3. Notre existence dépend en partie de circonstances que nous ne maîtrisons pas, en partie de nos actes et décisions. Bien des choses nous arrivent sans notre consentement : ainsi le moment et le lieu de notre naissance, notre famille et notre sexe et un bon nombre des événements qui nous marquent. Ce qui s’impose à nous, Tillich l’appelle la « destinée ». Nous sommes aussi des êtres libres. Nous opérons des choix et nous nous modelons nous-mêmes par notre travail et notre intelligence. Nous nous voulons responsables, autant que possible, de ce que nous sommes, pensons et faisons.

Destinée et liberté ne cessent de se combattre. À la différence du « destin » (pour qui tout est joué et écrit d’avance), la destinée ne supprime pas la liberté ; elle la limite et la contraint. À l’inverse, la liberté ne peut pas supprimer la destinée (nous ne sommes jamais « des voyageurs sans bagage »), mais elle la combat, cherche à desserrer son étreinte et à la réduire au minimum.
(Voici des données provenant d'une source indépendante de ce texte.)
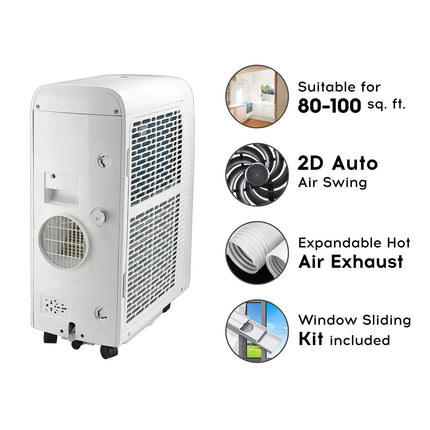 Cruise 1 Ton Portable AC with Anti-Bacterial Filter (100% Copper, 4-in-1: AC, Dehumidifier, Air Purifier & Fan, 4 Castor Wheels, Quiet Operation, HD Filter, CPCATF-PQ3S12, White & Black)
Aliénation et réconciliation

En théorie, dans l’absolu ou l’idéal, ces tensions se résorbent facilement en un équilibre harmonieux ; chacune des tendances a besoin de l’opposée, rien ne les empêche de se combiner pour structurer conjointement l’existence humaine. En pratique, dans les faits, il n’en va, hélas, pas ainsi. Ces tensions déchirent nos personnes et nos sociétés. Elles sont diaboliques au sens propre (« diable » veut dire ce ou celui qui divise, sépare, oppose).

Cette situation, Tillich la qualifie d’ « aliénation » (en anglais estrangement). L’être humain est étranger à lui-même ; il n’est pas ce qu’il devrait être ; il y a rupture et contradiction entre sa vérité (ou son « essence) et sa réalité (ou son « existence »). L’aliénation correspond à ce que la Bible appelle le « péché », un mot qu’aujourd’hui on comprend en général assez mal. Il ne renvoie pas seulement à une faute morale ; plus profondément, il désigne cette relation détériorée avec Dieu, avec les autres et avec soi-même qui abime, disjoint et disloque aussi bien notre existence personnelle que celle du monde.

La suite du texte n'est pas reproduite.